One Christmas tradition Congress could do without is the broken process of passing the annual Omnibus Spending Bill, which we recently did right before the holiday recess. Every December Congress fights and argues over spending and never seems to be able to pass the necessary appropriations until the very last minute. There is panic and threats of government shut downs and reduction in essential services. And they always threaten the essential services, as if there is no waste they could possibly eliminate instead.
This past December, right on cue the administration warned about dire civilian defense department layoffs if the money didn’t come soon. And so at the very last minute the Omnibus was rushed through in a whirlwind, just in time to save the day. Members of Congress had less than 24 hours to read the nearly 3,500 page bill before a vote was taken. The bill was supposedly much too important to waste time reading it. I feel differently. I feel the important bills are the ones we should take especial care to closely examine. However, we are led to believe that if the Omnibus bill failed, horrible things would have happened.
But the situation is a setup that ensures our government spending balloons every year just as the elites and special interests dictate. The vast majority of Members of Congress don’t actually know what the money is being spent on until after passage and by then it is too late. To address this flawed and corruptible process I have proposed a very simple change called the Sunlight Rule, which mandates that bills be presented to Congress and staff for review in their final form no less than 10 days before they come to the floor for a vote. This would allow the representatives of the American people time to read the bills before having to make a decision on them. Every now and then you hear criticisms of congressmen and women for not reading the bills.

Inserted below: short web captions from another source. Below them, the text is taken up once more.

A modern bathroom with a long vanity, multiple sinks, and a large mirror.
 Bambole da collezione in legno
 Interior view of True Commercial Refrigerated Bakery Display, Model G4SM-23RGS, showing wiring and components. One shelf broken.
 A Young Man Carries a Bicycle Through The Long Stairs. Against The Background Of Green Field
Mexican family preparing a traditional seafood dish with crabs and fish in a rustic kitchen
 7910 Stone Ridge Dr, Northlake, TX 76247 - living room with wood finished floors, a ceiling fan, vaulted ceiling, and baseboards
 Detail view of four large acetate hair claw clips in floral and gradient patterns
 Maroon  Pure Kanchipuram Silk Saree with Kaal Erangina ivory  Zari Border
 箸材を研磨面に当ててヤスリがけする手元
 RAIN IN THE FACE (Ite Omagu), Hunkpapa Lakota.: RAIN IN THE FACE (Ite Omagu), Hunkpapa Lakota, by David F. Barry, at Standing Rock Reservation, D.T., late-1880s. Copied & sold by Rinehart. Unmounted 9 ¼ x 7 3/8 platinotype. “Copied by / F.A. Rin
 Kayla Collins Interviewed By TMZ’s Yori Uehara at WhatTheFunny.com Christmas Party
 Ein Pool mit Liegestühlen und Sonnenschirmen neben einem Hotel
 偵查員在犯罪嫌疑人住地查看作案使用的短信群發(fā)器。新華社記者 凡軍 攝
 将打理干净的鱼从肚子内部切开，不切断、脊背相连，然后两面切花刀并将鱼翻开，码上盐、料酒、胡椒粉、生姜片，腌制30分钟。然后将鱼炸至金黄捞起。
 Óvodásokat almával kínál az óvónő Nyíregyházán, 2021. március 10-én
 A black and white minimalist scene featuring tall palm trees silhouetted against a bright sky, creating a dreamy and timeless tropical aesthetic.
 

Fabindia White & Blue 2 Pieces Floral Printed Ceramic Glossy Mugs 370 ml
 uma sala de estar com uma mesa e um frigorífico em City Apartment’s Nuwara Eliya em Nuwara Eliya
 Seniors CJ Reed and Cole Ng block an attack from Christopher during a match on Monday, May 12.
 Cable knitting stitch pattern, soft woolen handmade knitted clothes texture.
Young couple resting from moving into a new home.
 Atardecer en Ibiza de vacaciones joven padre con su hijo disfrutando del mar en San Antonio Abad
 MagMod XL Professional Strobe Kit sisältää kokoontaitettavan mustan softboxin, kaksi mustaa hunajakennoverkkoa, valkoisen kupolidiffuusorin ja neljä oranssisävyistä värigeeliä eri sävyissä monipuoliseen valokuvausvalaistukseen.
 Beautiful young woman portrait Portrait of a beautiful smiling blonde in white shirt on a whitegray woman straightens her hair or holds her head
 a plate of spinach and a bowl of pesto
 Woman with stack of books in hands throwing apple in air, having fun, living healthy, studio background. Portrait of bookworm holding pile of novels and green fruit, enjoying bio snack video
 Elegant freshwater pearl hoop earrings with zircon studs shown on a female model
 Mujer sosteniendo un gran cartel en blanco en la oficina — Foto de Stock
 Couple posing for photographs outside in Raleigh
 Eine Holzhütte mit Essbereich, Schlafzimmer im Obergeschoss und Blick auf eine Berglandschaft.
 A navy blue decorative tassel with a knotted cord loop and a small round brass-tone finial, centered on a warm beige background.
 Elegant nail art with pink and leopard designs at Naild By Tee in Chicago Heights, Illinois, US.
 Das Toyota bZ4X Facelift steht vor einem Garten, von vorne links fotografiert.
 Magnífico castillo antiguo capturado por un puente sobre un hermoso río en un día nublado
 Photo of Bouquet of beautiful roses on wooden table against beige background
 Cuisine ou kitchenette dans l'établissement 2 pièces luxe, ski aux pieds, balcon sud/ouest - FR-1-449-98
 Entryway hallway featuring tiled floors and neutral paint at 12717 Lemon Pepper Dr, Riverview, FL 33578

That is a problem, however in cases like the Omnibus spending bills, a few hours is not nearly enough time to comb through and evaluate the hundreds of pages they contain. The rules do not currently specify any amount of time that must be allotted for Congress to read or deliberate any legislation before a vote. That needs to change. Congress should read the bills. But to do that requires an appropriate amount of time. More appropriately phrased, Congress should be ALLOWED to read the bills. And no member of Congress should, in good conscience, vote affirmatively on a bill they haven’t fully analyzed. I am hoping that in the New Year more of my colleagues will resolve to take a stand for honesty and due diligence in representing the people of this country and that we can enact the Sunlight Rule. With it, we will be a wiser, more open Congress and our decisions in Washington will be more deliberative and fully informed as they ought to be.